>>
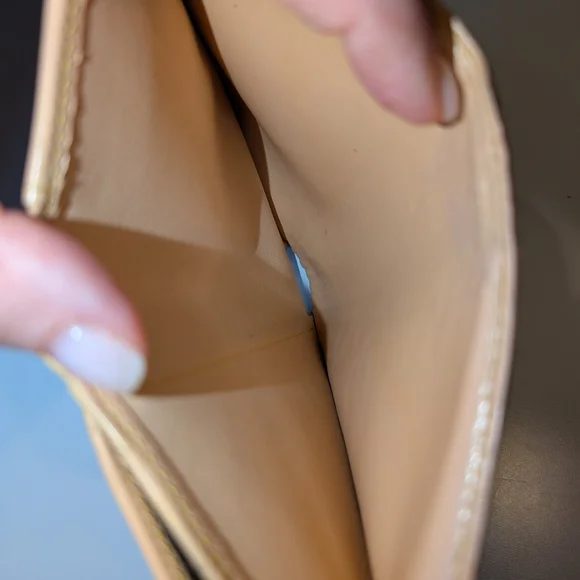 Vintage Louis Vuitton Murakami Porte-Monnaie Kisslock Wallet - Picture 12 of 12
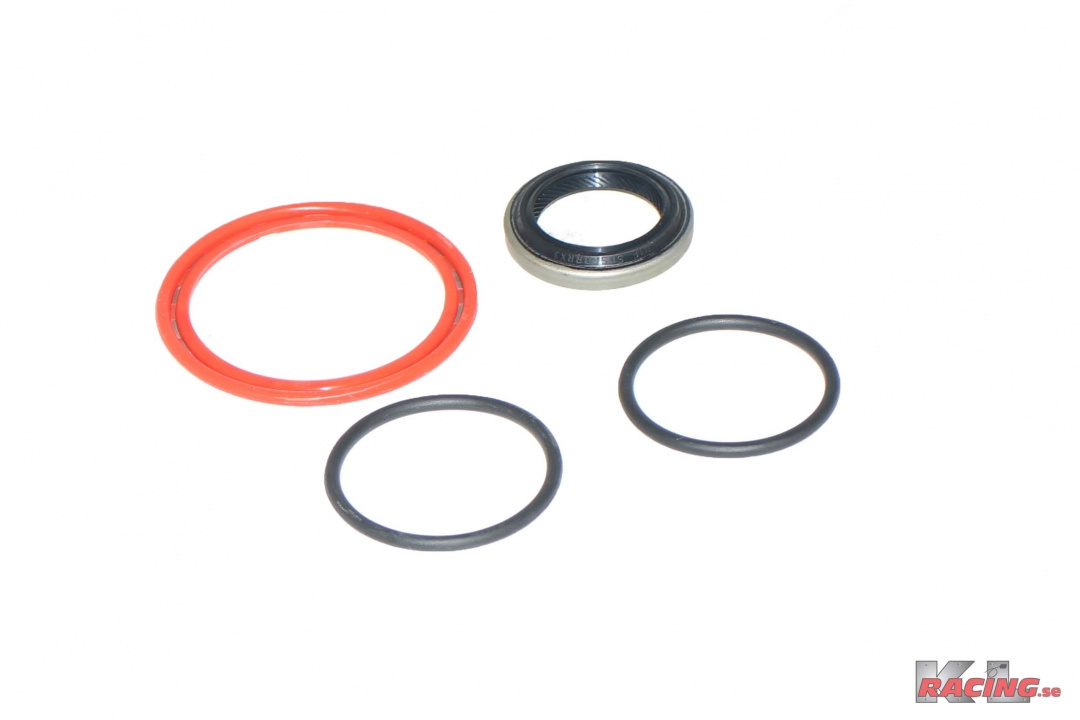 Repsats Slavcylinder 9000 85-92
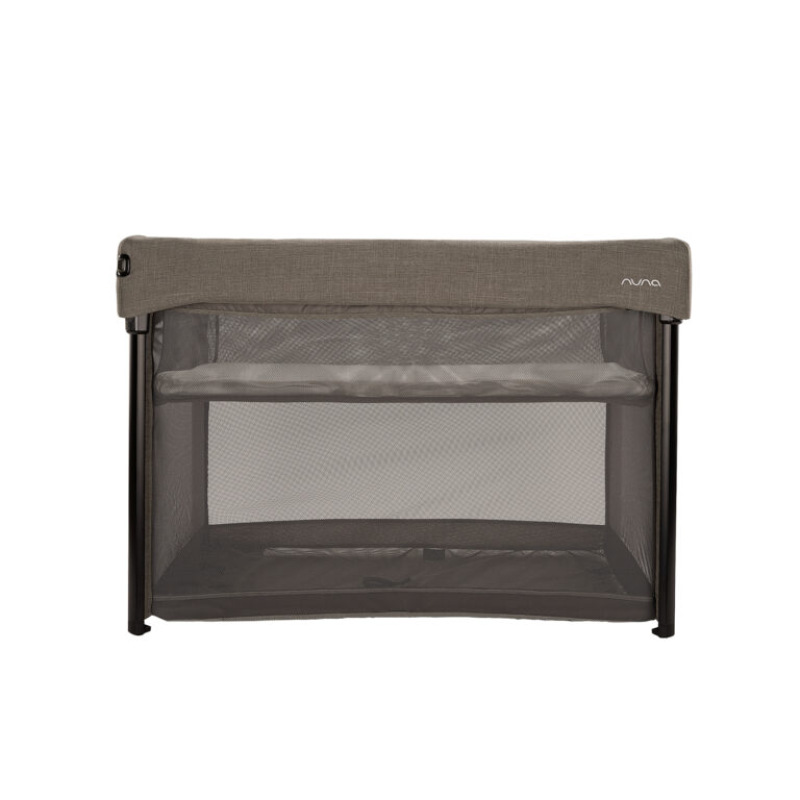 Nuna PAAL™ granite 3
<<
>>
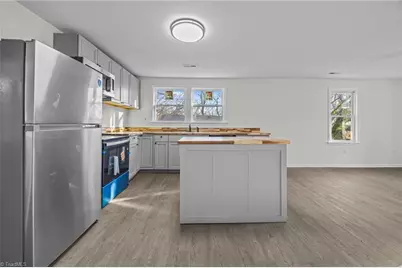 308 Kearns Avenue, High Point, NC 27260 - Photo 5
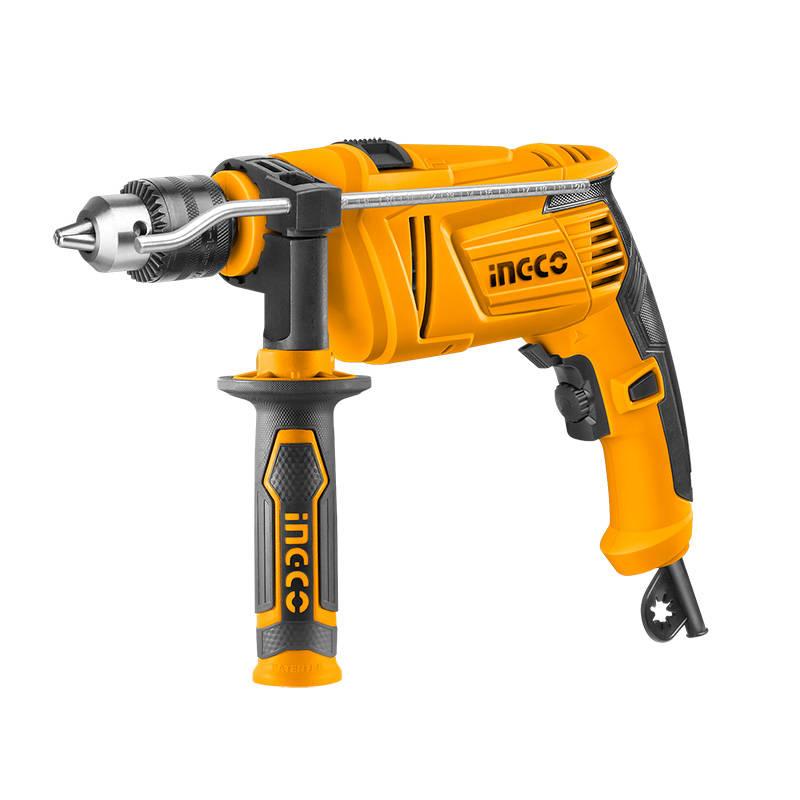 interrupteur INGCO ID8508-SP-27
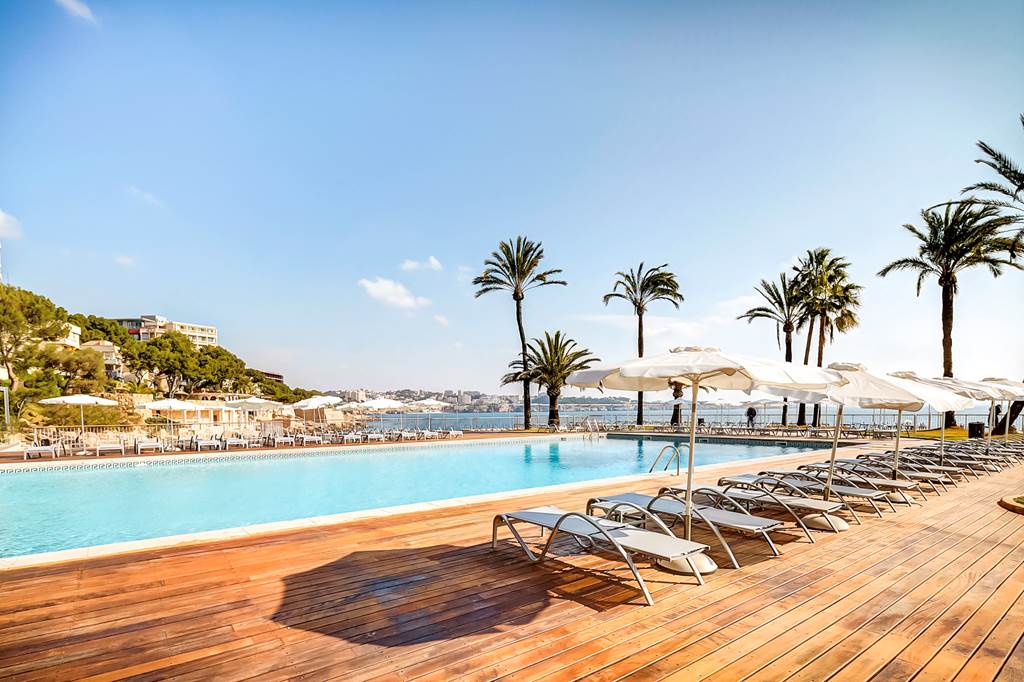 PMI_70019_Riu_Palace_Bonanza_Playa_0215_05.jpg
<<
Among the lines above, the one with "Vintage Louis Vuitton" opens the part to repeat and the one with "Nuna PAAL™ granite 3" closes it; repeat only that part exactly, with no pictures.

COMPLETED EXERCISE |
 Vintage Louis Vuitton Murakami Porte-Monnaie Kisslock Wallet - Picture 12 of 12
 Repsats Slavcylinder 9000 85-92
 Nuna PAAL™ granite 3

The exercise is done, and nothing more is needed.